Sensor Live interactive functionality not working
Resolved
Dec 13 at 07:37pm PST
Summary Root Cause Analysis Report - Post-Mortem
Incident Overview:
On November 28, 2023, an issue was identified with Sensor Live items not functioning properly. The problem was initially reported as an issue with the LimaCharlie console. This report summarizes the timeline of events, root causes, and corrective actions taken.
Timeline of Events:
- Nov 28, Early Morning: Customers began reporting the incident via Slack.
- Throughout the Morning: Various team members engaged to investigate issue. The team validated the issue and observed it appeared to impact both backend and frontend systems.
- Mid-Morning: The affected systems were identified. Service restarts were necessary to bring about a resolution to the issue.
Root Causes:
1. Infrastructure Robustness: The reliance on some older technologies brought about complications that did not allow for simple troubleshooting of the issue.

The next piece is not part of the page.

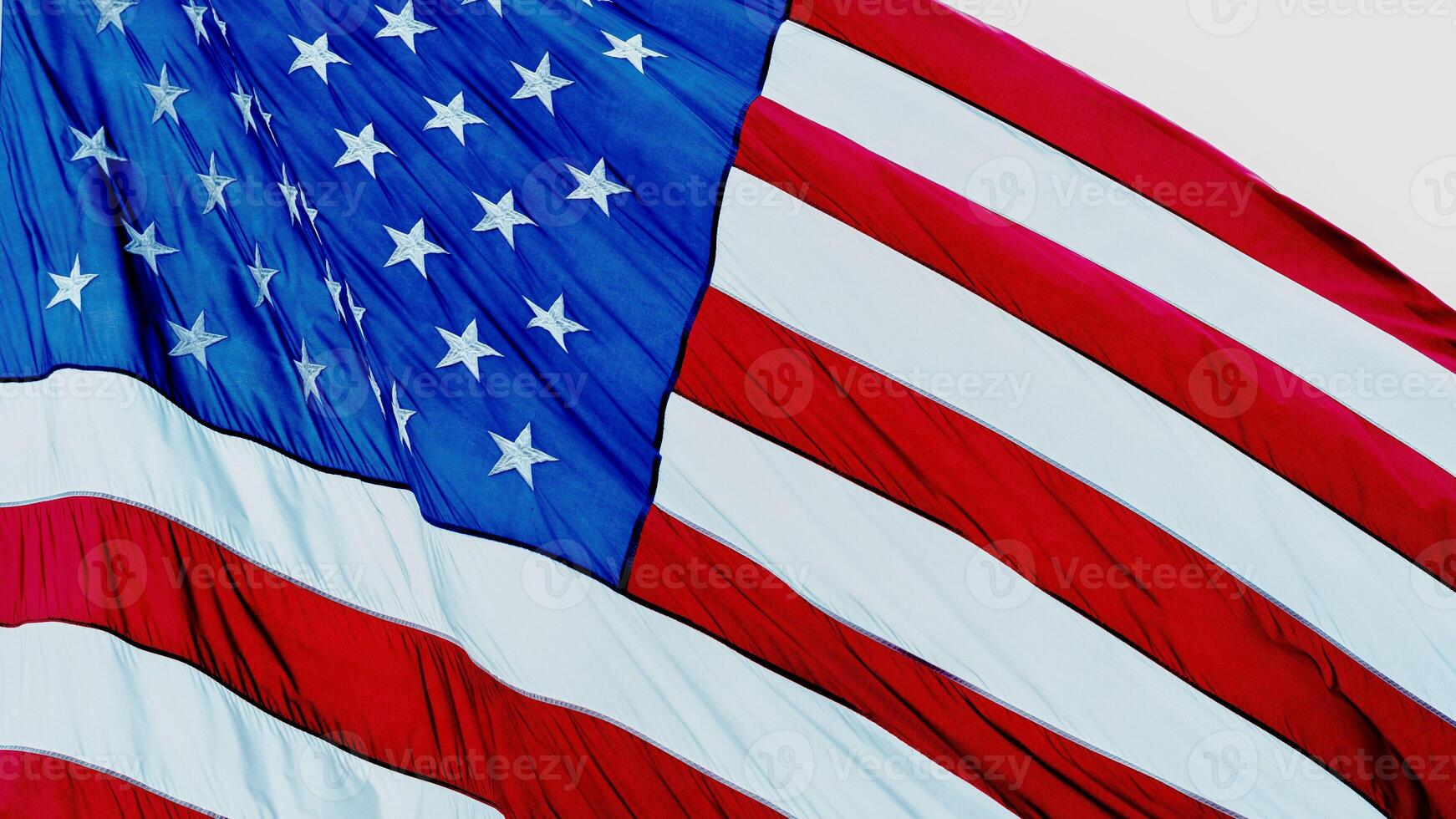 Patriotic american flag waving stars and stripes usa symbol closeup view photo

This indicated a need for a more robust and autonomous infrastructure.
2. System Monitoring Gaps: System probes were unable to detect the service degradation due to limitations in their configuration.

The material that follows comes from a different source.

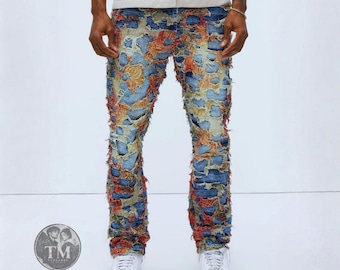 Può includere: Jeans in denim blu invecchiato con un fitto design patchwork, bordi sfilacciati e vivaci accenti di tessuto arancione, giallo e rosso lungo le gambe. I pantaloni hanno una vestibilità aderente e sono abbinati a scarpe da ginnastica bianche.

3. Communication Delays: A subset of configuration was missed during the change of emergency notification tooling which led to a delay in notification to the appropriate parties, causing delays in addressing the issue.
Actions Taken:
1. Testing and Infrastructure Improvements: Initiatives to replace older technologies with more modern solutions and enhance monitoring with improved metrics and tests.
2. Incident Reporting Process Updates: An updated email system will be used.
3. Customer Communication: Plans to revise customer notifications regarding incidents and include incident response information in our onboarding process.
4. Internal Documentation: Creation of documentation on incident reporting best practices and severity levels, ensuring all team members are informed and prepared.
Lessons Learned:
- The importance of robust monitoring systems that can detect not just system uptime but also functional performance.
- The need for clear and efficient communication channels both internally and with customers.
- The value of having a resilient and autonomous infrastructure to reduce downtime and manual intervention requirements.
Future Recommendations:
- Continue to enhance system monitoring and alerting capabilities.
- Streamline communication protocols for faster incident response.
- Regularly review and update infrastructure to ensure it meets the evolving needs of the service and customers.
Affected services
app.limacharlie.io
Updated
Nov 28 at 07:02am PST
Console commands appear to be working as expected. We continue to monitor.
For reference, automated taskings continued to work as expected throughout this incident.
Affected services
app.limacharlie.io
Created
Nov 28 at 03:52am PST
We are investigating an issue that is impacting the Console functionality. Additional details will be posted to this page once they become available.
Affected services
app.limacharlie.io